Wie entstehen Nachrichten und nach welchen Regeln arbeiten Redaktionen? Diesen Fragen stellen sich die Nachrichtenjournalistin und Moderatorin Damla Hekimoğlu und Schüler:innen im gemeinsamen Gespräch in der Bücherhalle Altona.

Teilnehmen können eine oder zwei Schulklassen (Klassenstufen 10 bis 12) mit insgesamt maximal 40 Schüler:innen, begleitet durch Lehrkräfte. Das Angebot ist kostenlos. Anmeldung über altona@buecherhallen.de mit Verweis auf Sara Ranjineh-Khojasteh.

Bücherhalle Horn – Freitag, 7.11., von 10:30-12:00 Uhr:

Wie können junge Menschen mit „Fake News“ umgehen? Was macht seriöse Quellen aus und woran erkennt man gezielte Desinformation? Journalist Kay Dethlefs geht diesen Fragen gemeinsam mit Schüler:innen in der Bücherhalle Horn auf den Grund.

Teilnehmen können eine oder zwei Schulklassen (Klassenstufen 10 bis 12) mit insgesamt maximal 30 Schüler:innen, begleitet durch Lehrkräfte. Das Angebot ist kostenlos. Anmeldung über horn@buecherhallen.de oder per Telefon: 040 / 651 51 33.

Bücherhalle Bergedorf – Freitag, 7.11., vormittags:

Das Programm ist derzeit noch in Planung. Weitere Informationen in Kürze.

Beim Newscamp “Nachrichten verstehen. Fakes erkennen. Fakten einordnen.” gemeinsam mit SPREUWEIZEN, #UseTheNews und TIDE geht es um die großen Herausforderungen rund um Desinformation, KI-Fakes und algorithmische Verzerrungen in sozialen Medien. Inputs kommen unter anderem von Journalist:innen und Medienexpert:innen, die gemeinsam mit Schüler:innen der Stadtteilschule Wilhelmsburg über Nachrichtenkompetenz und den Umgang mit digitalen Informationen diskutieren. Für uns mit dabei: Die laif foundation mit einem Workshop zum Thema „Fotojournalismus: Ist das noch wichtig oder kann das weg?“ und die Tagesschau mit „Nachrichten auf Twitch & TikTok – wie die tagesschau junge Zielgruppen erreicht“.
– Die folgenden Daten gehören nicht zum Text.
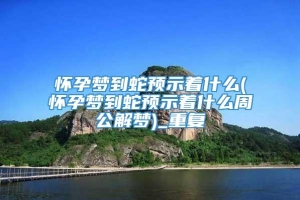 怀孕梦到蛇预示着什么(怀孕梦到蛇预示着什么周公解梦)_重复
In Kooperation mit dem vom gemeinnützigen Verein für Medien- und Journalismuskritik (vfmj) getragenen VOCER-Institut für Digitale Resilienz geben wir einen Co-Creation-Workshop für Schüler:innen zum Thema „Digitale Wahrheitsfinder – Fake News und Pressefreiheit im KI-Zeitalter“ an. Der Workshop wird von Dr. Stephan Weichert, Dr. Leif Kramp und unserem Vorstandsvorsitzenden Jörg Sadrozinski geleitet und schließt mit einer exklusiven Führung durch die Redaktion der „Tagesschau“ ab. Gefördert wird das Projekt durch die Hapag-Lloyd-Stiftung und unterstützt von den Hamburger Hongkong Studios.